(The data)
************
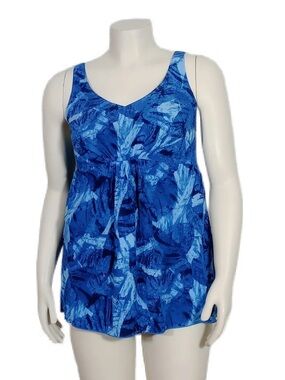 L.L. Bean PLUS Size Women’s Tankini Swim Top size 26W Blue‎ Adjustable Straps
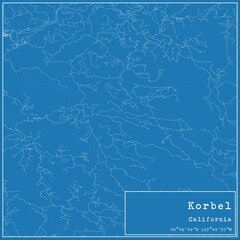 Blueprint US city map of Korbel, California.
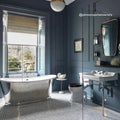 East Hampton Basketweave Marble Mosaic white and black marble basketweave mosaic with a silver freestanding bathtub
************
(Work task) Without any pictures, return the material above exactly.

(Problem solution)
 L.L. Bean PLUS Size Women’s Tankini Swim Top size 26W Blue‎ Adjustable Straps
 Blueprint US city map of Korbel, California.
 East Hampton Basketweave Marble Mosaic white and black marble basketweave mosaic with a silver freestanding bathtub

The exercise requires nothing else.